RECORDED INFORMATION:
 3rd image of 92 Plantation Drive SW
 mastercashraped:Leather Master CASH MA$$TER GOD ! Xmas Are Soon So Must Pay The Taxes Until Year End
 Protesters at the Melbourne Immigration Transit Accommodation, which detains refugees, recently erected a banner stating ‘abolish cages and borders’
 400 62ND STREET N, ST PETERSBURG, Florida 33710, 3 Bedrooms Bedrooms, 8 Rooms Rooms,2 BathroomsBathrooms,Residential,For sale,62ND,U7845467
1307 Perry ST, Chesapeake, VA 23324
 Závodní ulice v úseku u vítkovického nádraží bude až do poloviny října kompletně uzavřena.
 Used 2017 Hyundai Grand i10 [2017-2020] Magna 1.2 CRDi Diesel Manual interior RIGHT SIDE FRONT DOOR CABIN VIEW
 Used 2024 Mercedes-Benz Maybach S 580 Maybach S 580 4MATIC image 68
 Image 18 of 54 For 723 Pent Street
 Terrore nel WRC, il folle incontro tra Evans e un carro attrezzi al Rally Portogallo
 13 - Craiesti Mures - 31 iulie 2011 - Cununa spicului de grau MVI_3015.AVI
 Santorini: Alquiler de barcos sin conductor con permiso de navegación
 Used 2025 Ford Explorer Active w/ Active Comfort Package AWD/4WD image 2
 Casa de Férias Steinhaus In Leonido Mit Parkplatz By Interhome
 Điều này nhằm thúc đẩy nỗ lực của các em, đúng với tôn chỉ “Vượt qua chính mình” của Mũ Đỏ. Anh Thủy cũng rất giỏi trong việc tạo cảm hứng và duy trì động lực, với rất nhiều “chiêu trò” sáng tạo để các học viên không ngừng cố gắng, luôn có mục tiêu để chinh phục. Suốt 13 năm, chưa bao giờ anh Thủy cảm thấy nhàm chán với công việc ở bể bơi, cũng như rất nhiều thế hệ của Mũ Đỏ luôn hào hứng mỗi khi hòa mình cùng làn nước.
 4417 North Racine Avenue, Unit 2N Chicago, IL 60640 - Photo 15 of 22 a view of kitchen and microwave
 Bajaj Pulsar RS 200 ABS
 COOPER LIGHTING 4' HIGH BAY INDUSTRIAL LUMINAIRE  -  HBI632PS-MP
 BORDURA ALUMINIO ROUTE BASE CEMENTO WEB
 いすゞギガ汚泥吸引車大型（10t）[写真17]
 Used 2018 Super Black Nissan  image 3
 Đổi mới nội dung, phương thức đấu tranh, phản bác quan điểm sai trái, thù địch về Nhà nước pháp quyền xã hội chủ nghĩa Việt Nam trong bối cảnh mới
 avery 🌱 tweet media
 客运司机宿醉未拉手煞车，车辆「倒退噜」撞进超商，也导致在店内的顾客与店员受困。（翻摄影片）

TO DO: Retype exactly the lines from the one containing "4417 North Racine" through the end of the data. Add nothing.

EXPECTED OUTPUT:
 4417 North Racine Avenue, Unit 2N Chicago, IL 60640 - Photo 15 of 22 a view of kitchen and microwave
 Bajaj Pulsar RS 200 ABS
 COOPER LIGHTING 4' HIGH BAY INDUSTRIAL LUMINAIRE  -  HBI632PS-MP
 BORDURA ALUMINIO ROUTE BASE CEMENTO WEB
 いすゞギガ汚泥吸引車大型（10t）[写真17]
 Used 2018 Super Black Nissan  image 3
 Đổi mới nội dung, phương thức đấu tranh, phản bác quan điểm sai trái, thù địch về Nhà nước pháp quyền xã hội chủ nghĩa Việt Nam trong bối cảnh mới
 avery 🌱 tweet media
 客运司机宿醉未拉手煞车，车辆「倒退噜」撞进超商，也导致在店内的顾客与店员受困。（翻摄影片）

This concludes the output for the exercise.